Au fil des années, le Bluebird a élaboré différents formats de prestations pour soutenir et faire progresser les artistes se trouvant à des niveaux spécifiques de leur évolution. Tout le monde peut s’inscrire à la scène ouverte du lundi. Le Bluebird organise également des auditions quatre fois par an pour offrir aux musiciens l’opportunité de jouer lors de la nuit des compositeurs du samedi soir (six compositeurs sur scène, jouant chacun trois morceaux, ce qui leur donne la possibilité de construire leurs chansons). Après avoir participé à quatre concerts du samedi soir et avoir fait bonne impression, les artistes deviennent éligibles pour monter un concert « in the round » avec deux ou trois autres artistes.
« Si les artistes ne se connaissent pas, vous pouvez avoir un concert « in the round » épouvantable de compositeurs pourtant merveilleux. »
Erika Wollam-Nichols
Erika précise que la constitution d’un groupe convaincant est une forme d’art en elle-même.
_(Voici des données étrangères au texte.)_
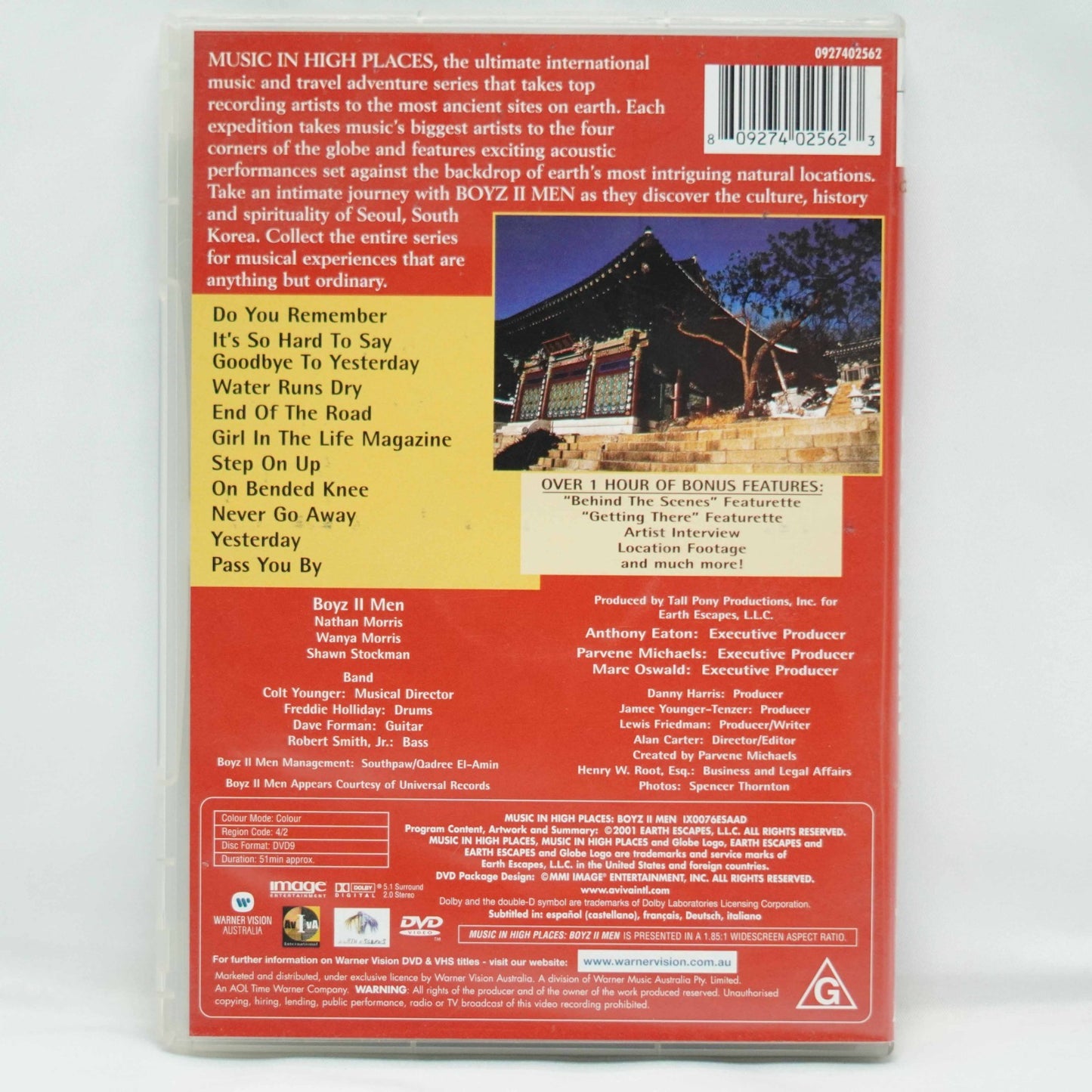 Music in High Places - Boyz II Men (Live from Seoul) DVD Region 4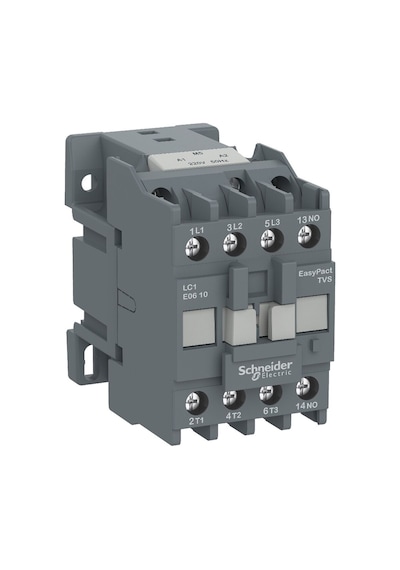 Schneider 6 Amper 1NK Kontaktor 3 kutup Tvs 2.2kw 220vac LC1E0601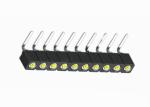16 Pin Black Round Female Header Connector 1.27mm Single Row Right Angle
« Ces concerts ne sont pas mis en place sans réflexion préalable ; il y a vraiment une synergie et une intention sous-jacentes », indique-t-elle.
L’auteur-compositeur principal choisit les autres musiciens qui vont l’accompagner. Cela garantit que les artistes ont déjà de fortes affinités les uns avec les autres, ce qui fait une énorme différence.
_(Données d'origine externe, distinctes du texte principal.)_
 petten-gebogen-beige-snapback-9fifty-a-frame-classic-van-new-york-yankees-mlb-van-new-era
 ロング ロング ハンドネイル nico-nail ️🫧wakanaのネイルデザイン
« Si les artistes ne se connaissent pas, vous pouvez avoir un concert épouvantable de compositeurs pourtant merveilleux, nous indique Erika. Ils vont juste s’asseoir et s’écouter jouer les uns après les autres. Mais quand vous avez quatre artistes qui ont écrit ensemble, qui emmènent leurs enfants ensemble à l’école, qui ont le même label, qui ont suivi la même voie… Alors là, vous allez avoir une alchimie incomparable. Leurs histoires sont amplifiées par les liens qu’ils ont noués tous ensemble. Et c’est ce que le public ressent quand ils se trouvent en son cœur. »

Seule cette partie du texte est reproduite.